For Manchin, a Divided Senate Is a ‘Golden Opportunity’ for Action
WASHINGTON — A year ago, Joe Manchin III was ready to quit.
As the most conservative Senate Democrat, he saw nothing but dysfunction and inaction when he looked around on Capitol Hill. “This place sucks,” he repeatedly declared. As he often has since arriving in Washington, he openly mulled leaving to try to reclaim his old job: governor of West Virginia.
Instead, he stayed for a second term. Now, with President-elect Joseph R. Biden Jr. preparing to govern from the middle in a Congress whose thin majorities will force him to compromise on almost every priority, Mr. Manchin, a centrist, suddenly finds himself at the center of relevance in the nation’s capital.
In his office on a recent afternoon, seated not far from a framed quote from President John F. Kennedy stressing independence from political party, Mr. Manchin, 73, was feeling energized. He paged through a proposal he was developing for a new coronavirus relief deal and said he was imagining a more moderate course for Congress.

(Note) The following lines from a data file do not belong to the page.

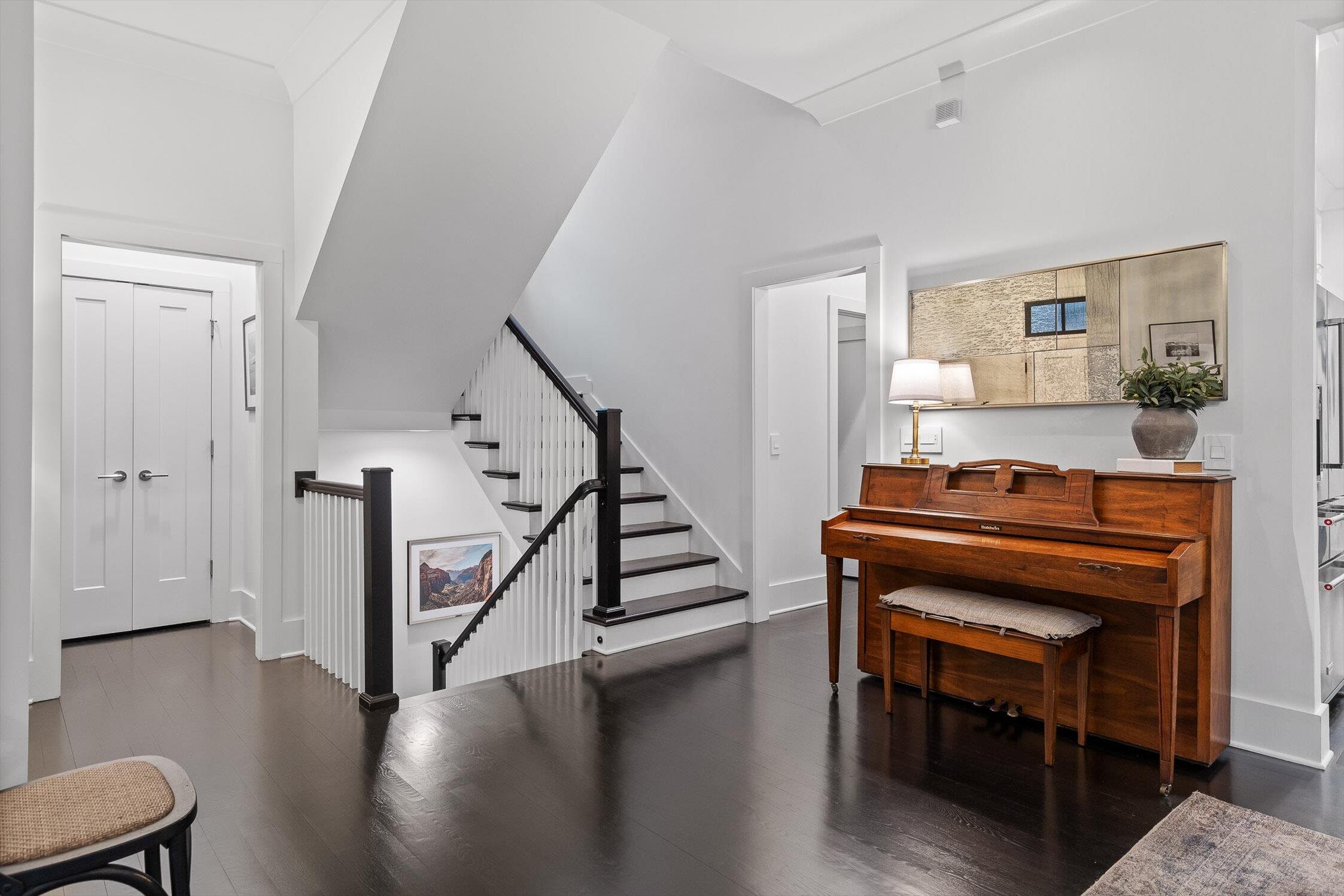 1704 Knickerbocker Avenue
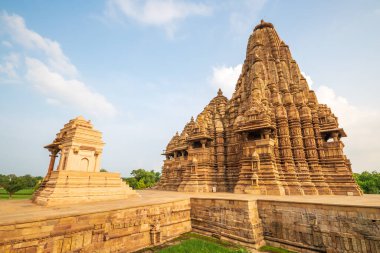 Hindistan Cumhuriyeti alan bazında dünyanın en büyük yedinci ülkesi ve nüfusu bir milyarı aşan nüfusuyla Çin 'den sonra ikinci sırada yer almasına rağmen, doğum oranı çok daha yüksek olmasına rağmen on yıldan kısa bir süre içinde kutup konumuna ulaşma olasılığı yüksek.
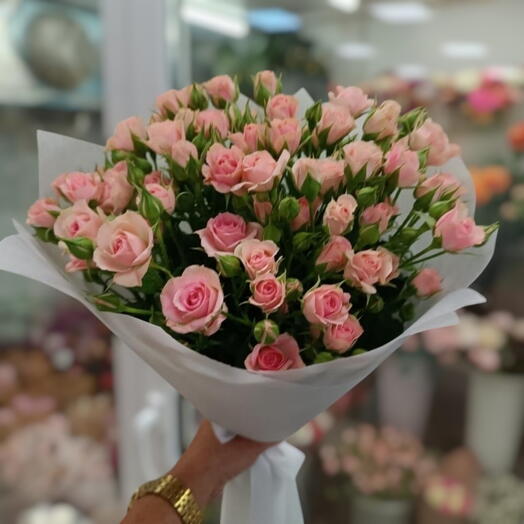 Pink bouquet of pink bush roses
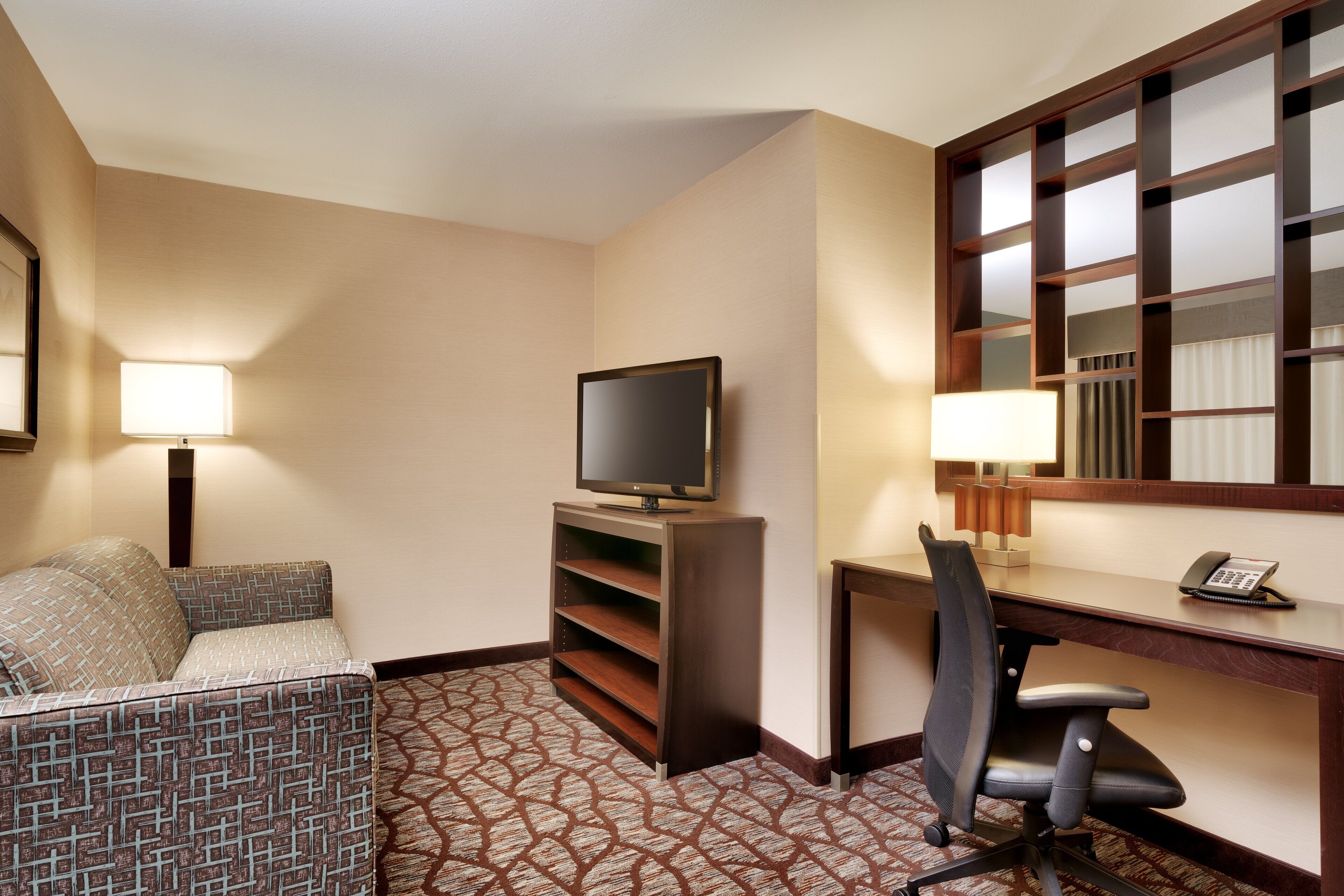 Holiday Inn Express & Suites Butte SE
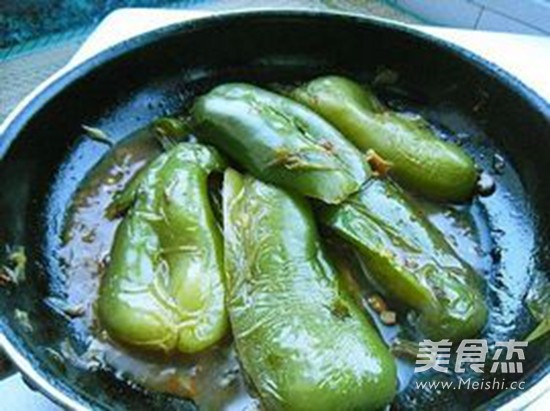 Braised Green Peppers in Sauce recipe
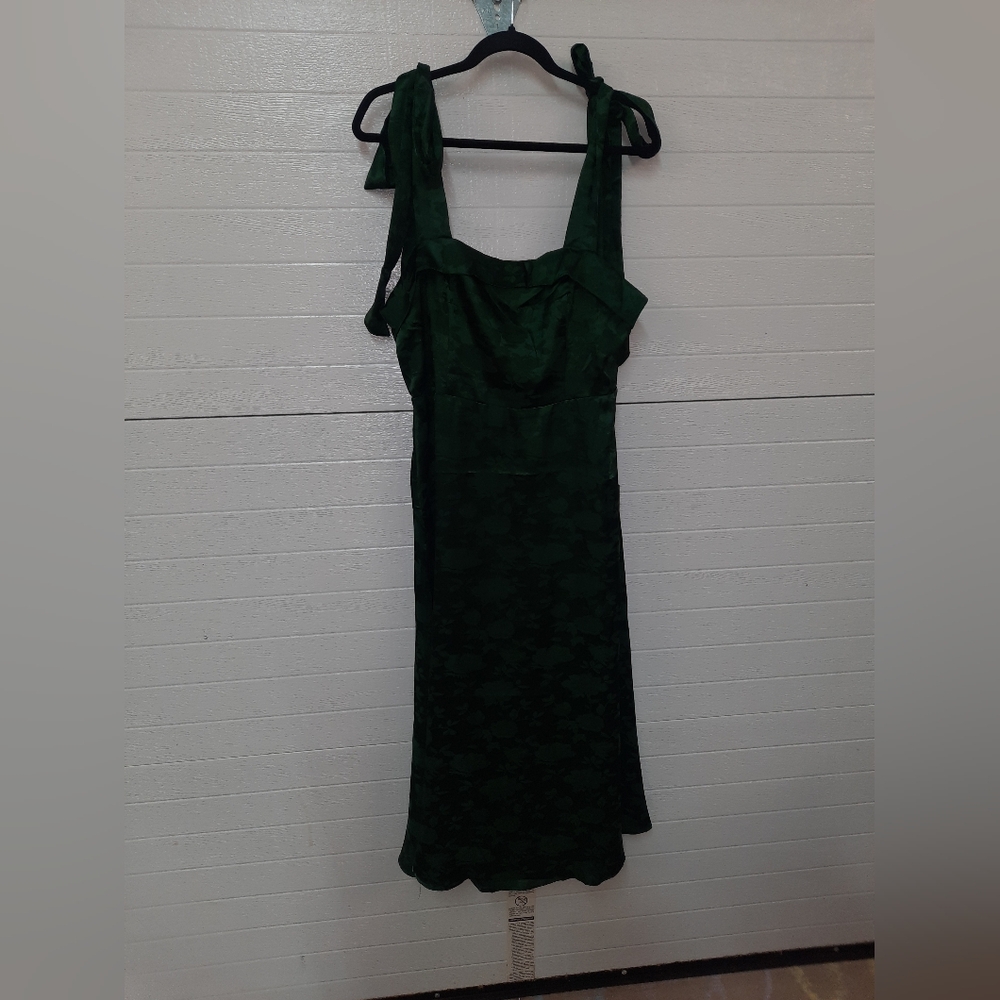 NWT Lulus Garden Beauty Emerald Green Satin Jacqiardbtie Strap Midi Dress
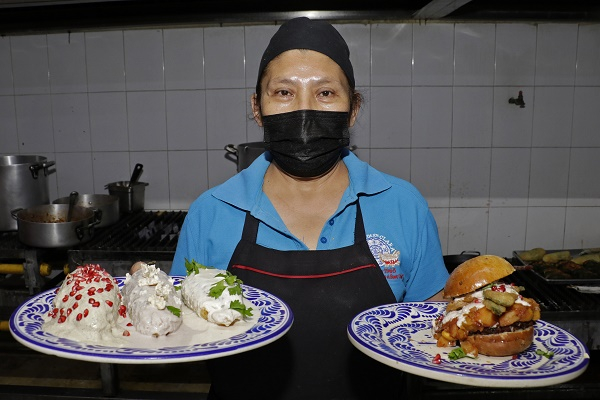FOTOS: Regresa la hamburguesa de nogada por segundo año consecutivo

“I think we have a golden opportunity to bring the country back together and for us to work in the middle,” Mr. Manchin said excitedly. “I’ll tell you the reason why: The numbers are so close with what the Democratic House members lost. For Nancy Pelosi, she’s going to have to work with people that have a more moderate view than some of the people that pushed her from the left.”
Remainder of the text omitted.